What will happen if global warming continues at its current rate?

We will see some very serious consequences in a relatively short period of time. Let me give you two recent studies. One comes from the major climate research laboratory in Britain, the Hadley Center. What the Hadley Center said in a report they did last year was that climate change is happening 50 percent faster than we thought because when they originally did their computer models, they measured the effects of a warming atmosphere on a relatively static biosphere. But when they factored in the warming that had already taken place, they found out that it’s compounding. As a result, they’re saying that by 2040, most of the world’s forests will begin to die.

All these consequences of global warming that we’re already seeing—I’m talking about the breakup of the ice shelves, the migration of species, more intense downpours, and severe weather—that’s all happened from one degree of warming and about a 30 percent increase in carbon dioxide in the atmosphere.

Another study that came out in October 2002 in which 18 scientists said that, taking very conservative estimates of the worlds future energy use, these carbon dioxide levels will double and probably triple before the end of the century. There’s no question that would be catastrophic. We’ll be seeing agriculture failures, the drying out of drinking supplies, big epidemics of disease, deaths of forests and accelerating extinctions of species. We will also see lots of political and economic consequences from those physical changes.

What are the politics of climate change? We hear little about it in the corporate media.

What’s really striking—and this is really important to understand—is that nothing is being done about it in the United States, but in other countries they’re extremely aware of it. The science is unambiguous. Humanity needs to cut its emissions by at least 70 percent to allow the climate to stabilize. In Europe, Holland has just finished a plan to cut emissions by 80 percent in 4 years. The Germans have committed to cutting emissions by 50 percent in 50 years. The British are talking about cuts of 60 percent in 50 years.

In the U.S. the issue is not being discussed because of the lock that the oil and coal industry have on our Congress and especially on the Bush administration. But even before that, during the Clinton administration, nothing was done.

The oil and coal industry is one of the most powerful lobbies in the world. One of the things that they have done is to finance a very effective campaign of disinformation to keep everybody confused about the issue. Every time there’s a new scientific finding or a new story about climate change, the public relations people from the fossil fuel industry are on the telephone with the newspaper reporters, telling them, “Oh, there are many sides to this story.” What got me into this is when I learned that the coal industry was paying several scientists under the table to say that climate change wasn’t happening.

Bush administration policies are being called by ExxonMobil right now, which is probably the most intransigent of the oil companies, and also by the coal industry because if you stop and think about it, a 70 percent reduction means the end of the coal industry. There’s no way we can continue to burn coal. It means a total transformation of the oil companies who have to become renewable energy companies. They’re fighting for their survival.

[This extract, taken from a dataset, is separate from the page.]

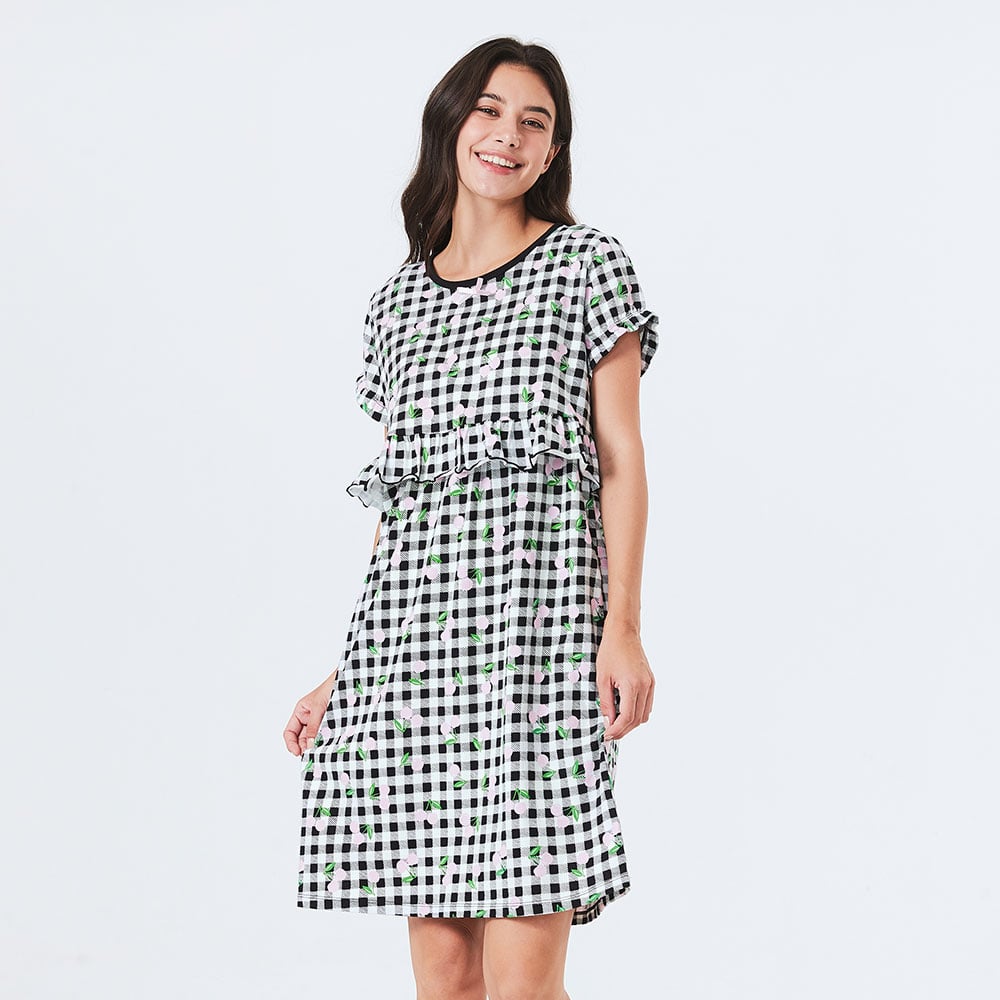 格紋櫻桃荷葉孕哺居家服組(洋裝+長褲) 格紋櫻桃荷葉孕哺居家服組(洋裝+長褲)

We need to cut our emissions by 70 percent. What that implies is a rapid global transition to wind energy, hydrogen fuels, solar panels, and so forth. Then you get into the question of what the cost of those are and to think about that question, you have to realize that this is not just a U.S. problem, this is a global problem.


David Ross does a talk show on KMUD radio in CA. He’s worked on Ralph Nader’s latest presidential campaign, corporate accountability, U.S. imperialism, and environmental issues.